First we recorded it with Serrat in a recording studio to promote the album, and as Serrat said he wanted to sing in Catalan and they told him no, they called Massiel who was in Mexico and he came to record it. We had to record it again because it was a different tone. And then there, in London, there were rehearsals with the orchestra every day at 5 because they had to test lights and sound. We rehearsed it many times.

What did it mean for you to win Eurovision in 1968?

Very well. At that time she had long hair like Massiel and when we went out they took me on the shoulders instead of her. We left the Dynamic Duo and the three of the choir, and a little girl on her knees told me: Please, Massiel, and I told her: That I'm not. Massiel stayed very sprawled in the dressing room to wait for the final apotheosis and the one they took on the shoulders was me. They confused us there, one day at a rehearsal a Portuguese man came and asked me if he could do an interview for me, I said: Yes, okay, I'll talk to my classmates and you do it for us, and he says: No, not your classmates, just you , I say well okay, he says goodbye and tells me: Thank you very much Massiel, and I say: Che, wait a minute, I'm not Massiel.

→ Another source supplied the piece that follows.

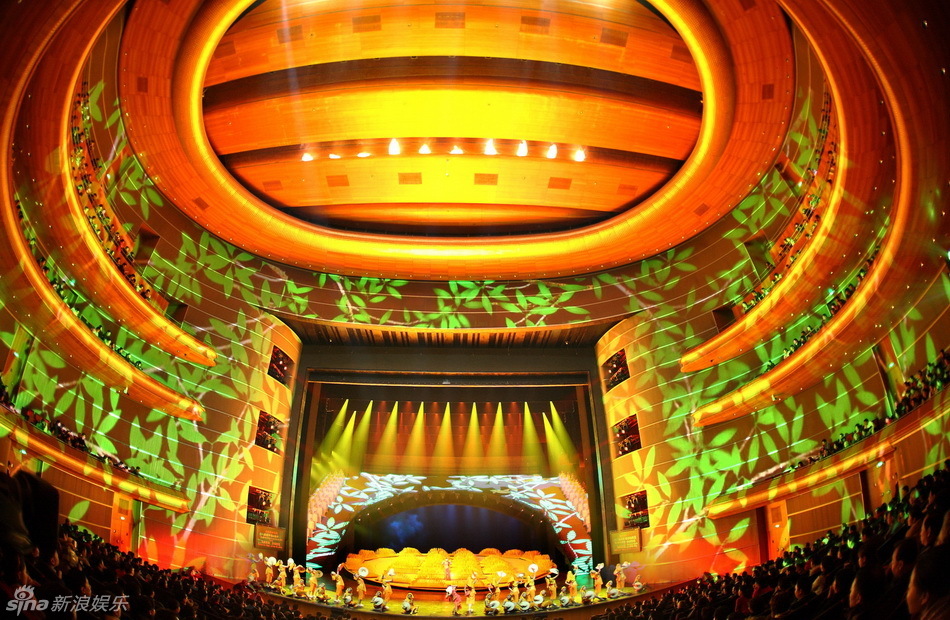 幻灯图集:《复兴之路》星光璀璨 舞台气象万千_高清图集_新浪网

She got confused, since we both had long hair (Laughs)

Massiel's victory at the Festival was the subject of accusations about a possible purchase of votes by the Franco regime. Was this true?

I have no idea, we were walking around London, but we were going at that time as a Francoist or anything because the director of TVE at that time was Adolfo Suárez, who later became President of the Government. I didn't even see movement, we weren't in the big sphere let's say. But come on, that's a rotten lie. Fraga Iribarne, who was the tourist at the time, gave us a dinner after returning from London, but nobody there said anything about Franco. They made it up, or at least I didn't see anything.

Mercedes posing in her hometown. PHOTO: MANU GARCIA

He spent half the 1970s on the Eurovision stage, with Julio Iglesias in 1970, with Karina in 1971, with Sergio and Estíbaliz in 1975, and with José Vélez in 1978. What was it like dealing with the best-known stars of the time? ?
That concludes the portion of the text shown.